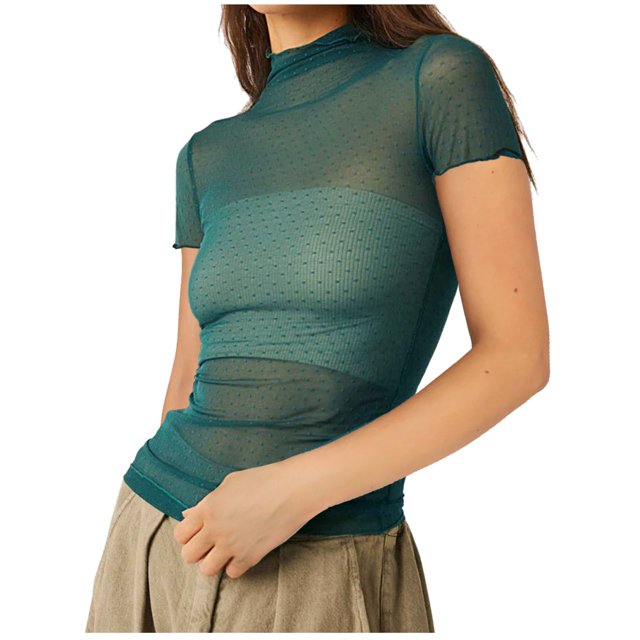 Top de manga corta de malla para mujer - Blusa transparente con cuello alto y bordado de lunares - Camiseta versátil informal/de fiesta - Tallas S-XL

· · · · · · ·

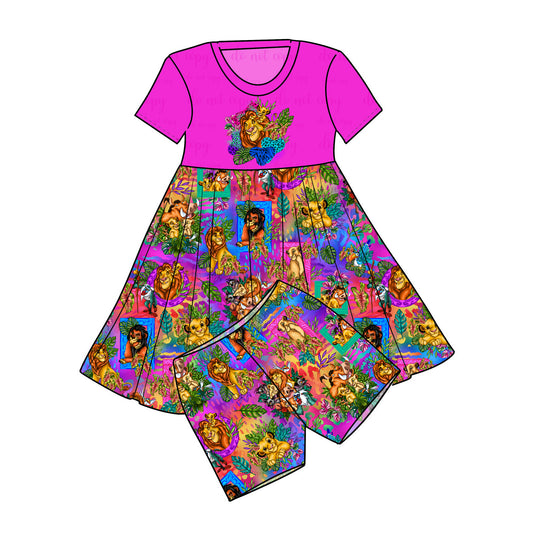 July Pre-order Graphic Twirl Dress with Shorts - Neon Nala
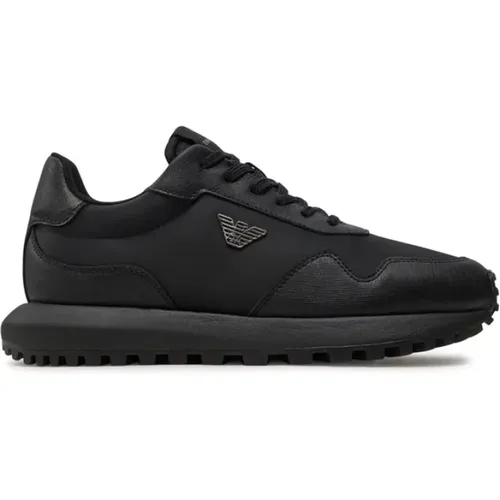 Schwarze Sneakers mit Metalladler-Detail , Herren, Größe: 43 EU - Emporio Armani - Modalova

· · · · · · ·

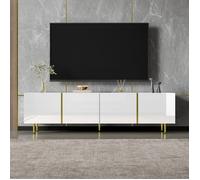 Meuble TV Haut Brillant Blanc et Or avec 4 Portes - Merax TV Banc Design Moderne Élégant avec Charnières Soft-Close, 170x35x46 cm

· · · · · · ·

[EXERCISE INSTRUCTIONS]
Transcribe only the lines above that start at the line containing "July Pre-order Graphic" and end at the line containing "Schwarze Sneakers mit". Omit pictures.

[ANSWER SPACE]
 July Pre-order Graphic Twirl Dress with Shorts - Neon Nala
 Schwarze Sneakers mit Metalladler-Detail , Herren, Größe: 43 EU - Emporio Armani - Modalova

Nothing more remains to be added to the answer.